Die Zahl der weltweiten Schiffsuntergänge ist auf Rekordtief. Piraterie erlebt Comeback, vor allem im Golf von Guinea und der Straße von Singapur.
Comeback der Piraterie auf hoher See

Laut Angaben der Allianz ist die Anzahl der weltweiten Schiffsuntergänge auf ein Rekordtief gesunken. Im letzten Jahr sank die Anzahl der größeren Schiffe, die weltweit untergingen, auf nur noch 26. Dies entspricht einem Rückgang um ein gutes Drittel im Vergleich zum Vorjahr und einem Rückgang um über 70 Prozent im Vergleich der letzten zehn Jahre, wie Allianz Commercial in seinem jährlichen Bericht über Schifffahrtsrisiken festhält. Trotzdem bedroht neben den aktuellen Kriegen und Konflikten eine andere alte Gefahr Schiffe und ihre Besatzungen: Piraten.
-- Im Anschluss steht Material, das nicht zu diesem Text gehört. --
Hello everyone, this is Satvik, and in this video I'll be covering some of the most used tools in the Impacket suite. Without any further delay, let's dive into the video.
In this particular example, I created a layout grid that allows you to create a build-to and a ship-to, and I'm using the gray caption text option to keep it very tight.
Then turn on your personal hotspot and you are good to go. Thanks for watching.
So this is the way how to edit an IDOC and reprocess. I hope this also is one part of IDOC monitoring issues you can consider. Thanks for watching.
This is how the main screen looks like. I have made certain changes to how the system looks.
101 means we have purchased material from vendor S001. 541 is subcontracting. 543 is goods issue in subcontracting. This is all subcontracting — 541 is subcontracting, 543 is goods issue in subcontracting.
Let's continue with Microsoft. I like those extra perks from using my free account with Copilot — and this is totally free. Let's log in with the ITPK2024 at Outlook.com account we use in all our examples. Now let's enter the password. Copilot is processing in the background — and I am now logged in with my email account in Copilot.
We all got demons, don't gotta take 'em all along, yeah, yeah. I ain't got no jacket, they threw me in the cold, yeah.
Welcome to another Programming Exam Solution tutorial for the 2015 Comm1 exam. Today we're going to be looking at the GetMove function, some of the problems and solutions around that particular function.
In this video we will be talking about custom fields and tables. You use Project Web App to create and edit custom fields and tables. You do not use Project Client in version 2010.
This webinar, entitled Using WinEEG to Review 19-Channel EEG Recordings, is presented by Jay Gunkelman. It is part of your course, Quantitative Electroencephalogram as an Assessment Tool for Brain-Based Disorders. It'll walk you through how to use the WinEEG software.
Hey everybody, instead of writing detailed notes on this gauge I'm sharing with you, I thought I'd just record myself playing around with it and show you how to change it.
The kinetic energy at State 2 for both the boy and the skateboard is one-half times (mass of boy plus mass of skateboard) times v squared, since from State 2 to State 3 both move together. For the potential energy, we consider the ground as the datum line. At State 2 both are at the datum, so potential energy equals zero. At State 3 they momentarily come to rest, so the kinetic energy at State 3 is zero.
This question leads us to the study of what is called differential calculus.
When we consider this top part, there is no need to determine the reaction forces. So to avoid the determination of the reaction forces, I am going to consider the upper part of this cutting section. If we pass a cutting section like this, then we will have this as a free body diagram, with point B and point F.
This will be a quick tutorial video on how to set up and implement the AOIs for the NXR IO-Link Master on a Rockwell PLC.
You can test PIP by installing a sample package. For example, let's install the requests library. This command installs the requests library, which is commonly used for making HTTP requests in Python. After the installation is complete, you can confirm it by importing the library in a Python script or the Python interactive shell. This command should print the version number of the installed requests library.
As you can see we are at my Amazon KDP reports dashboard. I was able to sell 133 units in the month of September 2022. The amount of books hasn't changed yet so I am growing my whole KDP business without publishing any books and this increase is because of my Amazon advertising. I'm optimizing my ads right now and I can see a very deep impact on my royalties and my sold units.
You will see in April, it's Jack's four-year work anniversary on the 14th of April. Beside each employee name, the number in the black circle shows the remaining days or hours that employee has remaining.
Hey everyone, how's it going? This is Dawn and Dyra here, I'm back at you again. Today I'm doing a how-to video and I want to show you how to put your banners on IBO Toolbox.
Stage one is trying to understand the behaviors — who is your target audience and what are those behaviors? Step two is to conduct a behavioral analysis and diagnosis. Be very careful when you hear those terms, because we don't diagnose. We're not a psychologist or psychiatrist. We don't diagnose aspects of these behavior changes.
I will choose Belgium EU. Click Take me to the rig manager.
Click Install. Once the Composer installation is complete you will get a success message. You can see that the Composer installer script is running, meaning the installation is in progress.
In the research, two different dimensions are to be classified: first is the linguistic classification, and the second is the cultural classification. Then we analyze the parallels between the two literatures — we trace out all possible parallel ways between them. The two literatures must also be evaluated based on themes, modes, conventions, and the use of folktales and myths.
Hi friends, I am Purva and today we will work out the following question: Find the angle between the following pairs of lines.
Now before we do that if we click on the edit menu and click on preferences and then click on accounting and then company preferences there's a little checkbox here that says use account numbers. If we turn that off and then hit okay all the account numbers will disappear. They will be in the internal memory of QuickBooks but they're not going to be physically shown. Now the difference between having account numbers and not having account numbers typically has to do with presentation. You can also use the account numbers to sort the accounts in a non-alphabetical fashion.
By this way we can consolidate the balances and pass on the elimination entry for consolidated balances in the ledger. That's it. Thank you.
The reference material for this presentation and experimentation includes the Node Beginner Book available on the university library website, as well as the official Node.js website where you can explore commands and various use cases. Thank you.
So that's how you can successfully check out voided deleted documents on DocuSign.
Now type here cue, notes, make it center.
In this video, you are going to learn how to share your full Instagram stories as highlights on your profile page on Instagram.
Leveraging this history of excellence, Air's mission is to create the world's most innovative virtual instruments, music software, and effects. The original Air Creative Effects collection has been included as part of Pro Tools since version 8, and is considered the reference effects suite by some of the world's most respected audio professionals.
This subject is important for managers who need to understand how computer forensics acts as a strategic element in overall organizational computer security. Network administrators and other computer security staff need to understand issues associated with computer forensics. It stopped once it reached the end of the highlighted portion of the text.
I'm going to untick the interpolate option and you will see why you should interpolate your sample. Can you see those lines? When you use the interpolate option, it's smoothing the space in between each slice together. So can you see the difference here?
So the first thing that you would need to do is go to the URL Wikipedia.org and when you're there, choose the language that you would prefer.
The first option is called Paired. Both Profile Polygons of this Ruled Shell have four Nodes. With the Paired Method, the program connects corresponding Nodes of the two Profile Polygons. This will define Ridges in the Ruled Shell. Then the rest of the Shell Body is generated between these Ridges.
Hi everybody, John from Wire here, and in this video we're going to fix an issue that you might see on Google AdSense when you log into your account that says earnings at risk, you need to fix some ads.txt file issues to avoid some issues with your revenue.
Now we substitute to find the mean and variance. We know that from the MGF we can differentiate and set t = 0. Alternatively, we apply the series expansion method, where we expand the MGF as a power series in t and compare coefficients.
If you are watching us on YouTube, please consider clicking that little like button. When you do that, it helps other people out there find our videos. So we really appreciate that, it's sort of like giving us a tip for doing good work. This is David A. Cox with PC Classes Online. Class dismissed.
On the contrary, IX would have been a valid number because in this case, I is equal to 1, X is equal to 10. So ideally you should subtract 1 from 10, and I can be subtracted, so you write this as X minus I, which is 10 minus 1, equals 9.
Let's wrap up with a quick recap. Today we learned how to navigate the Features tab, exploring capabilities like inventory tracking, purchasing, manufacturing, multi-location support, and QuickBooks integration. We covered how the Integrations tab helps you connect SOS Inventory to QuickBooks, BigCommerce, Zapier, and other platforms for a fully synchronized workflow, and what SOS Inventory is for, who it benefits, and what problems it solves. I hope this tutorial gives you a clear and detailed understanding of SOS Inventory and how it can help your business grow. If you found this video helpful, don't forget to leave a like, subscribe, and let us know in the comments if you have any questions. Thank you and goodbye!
Laut Allianz ist der Verkehr auf den Weltmeeren innerhalb weniger Jahrzehnte erheblich sicherer geworden: In den 1990er Jahren sank die durchschnittliche Anzahl der untergehenden Schiffe pro Jahr auf mehr als 200.
Neben Stürmen und Strandung an der Küste sind auch Seeräuber eine der ältesten Gefahren für die Schifffahrt, und die Piraterie erlebt laut Allianz eine Art Comeback: Im vergangenen Jahr gab es weltweit 120 bekannte Piratenüberfälle, fünf mehr als 2022. Die gefährlichste Region in dieser Hinsicht ist laut Allianz Commercial der Golf von Guinea an der Küste Westafrikas, gefolgt von der Straße von Singapur in Südostasien.
Große Sorge: Piraterie am Horn von Afrika
Laut dem Bericht bestehe jedoch die große Besorgnis, dass die Piraterie am Horn von Afrika wieder aufflammen könnte. Im Dezember 2023 kaperten somalische Piraten erstmals seit 2017 wieder ein Schiff, und seitdem hat es mehrere weitere Überfälle gegeben.
Die Experten des Unternehmens gehen davon aus, dass die vielen Angriffe islamistischer Huthi-Milizen auf Handelsschiffe im Roten Meer nach dem Gaza-Krieg die Inspiration für somalische Seeräuber liefern. Kriege wie in Gaza und der Ukraine haben auch indirekte Auswirkungen auf die Sicherheit der Schifffahrt, da sie Folgegefahren erzeugen oder begünstigen.
Als ein Beispiel nennen die Autoren eine internationale «Schattenflotte» von geschätzt 600 bis 1400 Öltankern, die russisches Öl exportieren und demnach bislang in mindestens 50 Zwischenfälle verwickelt waren, darunter Brände, Kollisionen und Ölverschmutzung. «Es handelt sich zumeist um ältere, schlecht gewartete Schiffe, die außerhalb der internationalen Vorschriften und oft ohne angemessene Versicherung betrieben werden», sagte Justus Heinrich, Leiter der Schifffahrtsversicherung in Deutschland und der Schweiz bei Allianz Commercial. «Dies birgt ernsthafte Umwelt- und Sicherheitsrisiken.»
Die Firma ist die Tochtergesellschaft des Münchner Dax-Konzerns, die für Industrie und Firmenkunden verantwortlich ist.